Data excerpt:
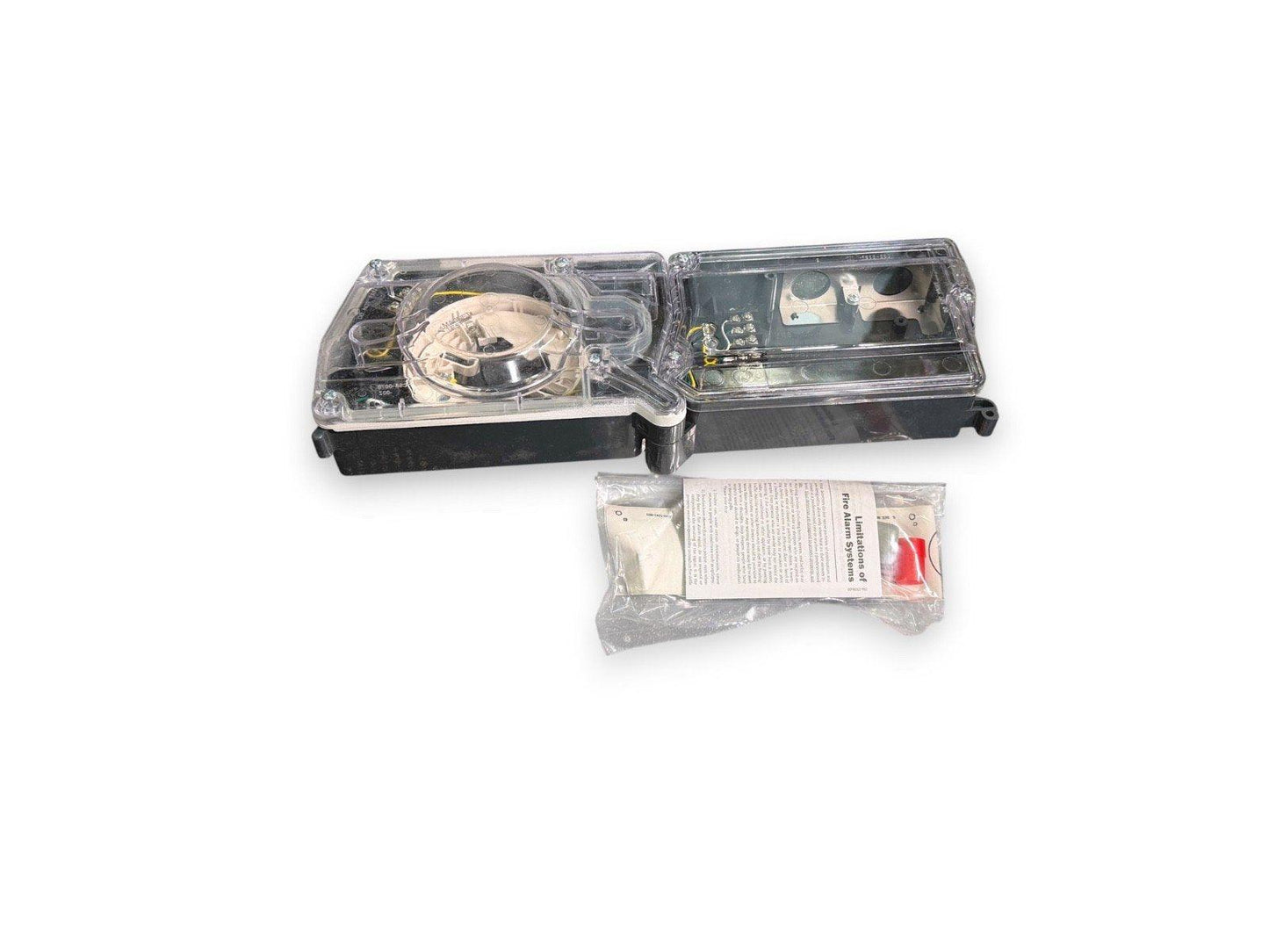 Fire alarm strobe light with clear cover, internal wiring, and instruction packet for safety systems
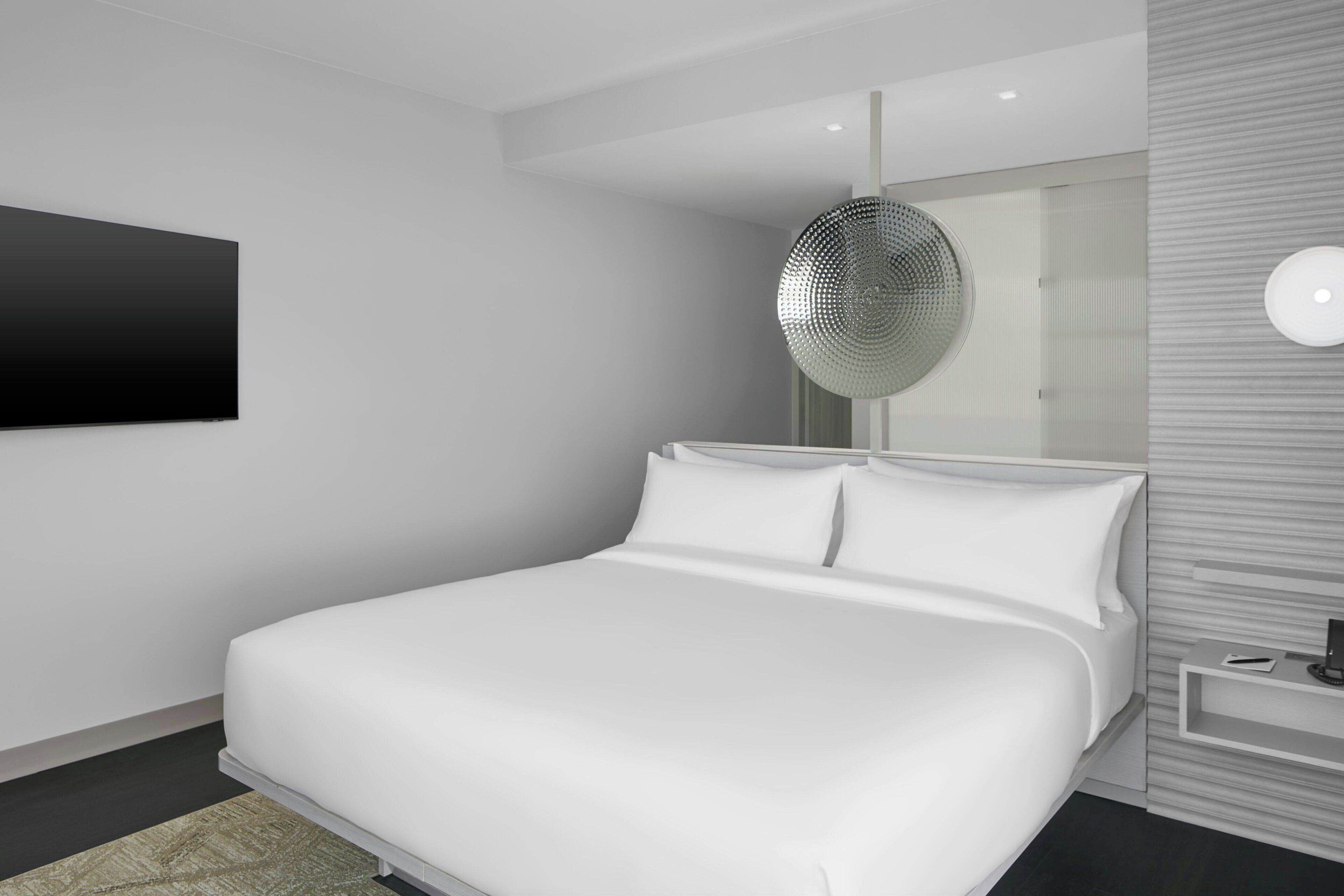 Ein modernes Schlafzimmer mit einem großen Bett, einem an der Wand montierten Fernseher und einem einzigartigen, runden Spiegel.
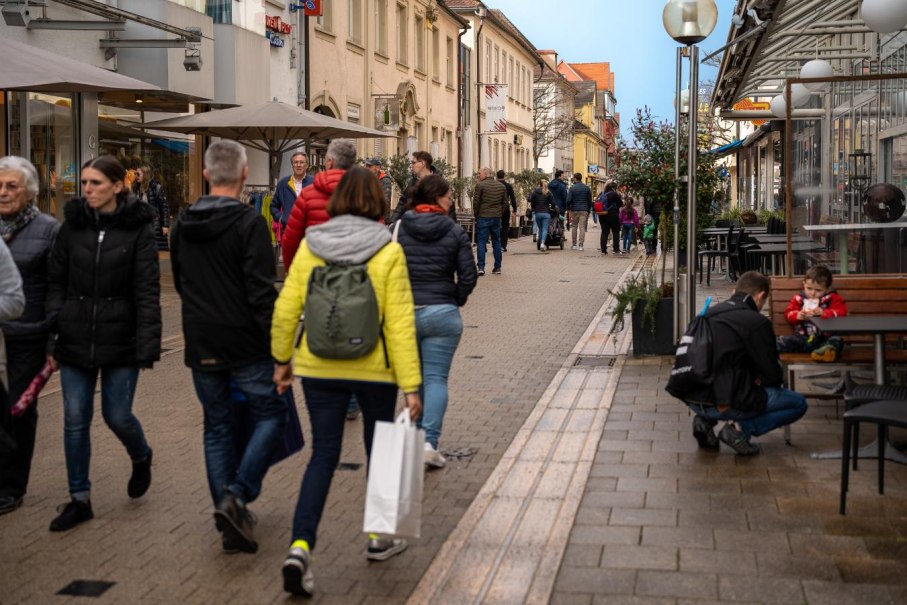 Belebte Einkaufsstra&szlig;e mit Menschen, die spazieren gehen. Gesch&auml;fte und Caf&eacute;s s&auml;umen den Weg. Ein Kind sitzt mit einem Erwachsenen auf einer Bank., &copy; Ludwigsburger Innenstadt e.V. (LUIS)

What to produce:
Exclude the pictures from the copy. Retype exactly the lines running from the one containing "Ein modernes Schlafzimmer" through the last line of the listing.

Finished task:
 Ein modernes Schlafzimmer mit einem großen Bett, einem an der Wand montierten Fernseher und einem einzigartigen, runden Spiegel.
 Belebte Einkaufsstra&szlig;e mit Menschen, die spazieren gehen. Gesch&auml;fte und Caf&eacute;s s&auml;umen den Weg. Ein Kind sitzt mit einem Erwachsenen auf einer Bank., &copy; Ludwigsburger Innenstadt e.V. (LUIS)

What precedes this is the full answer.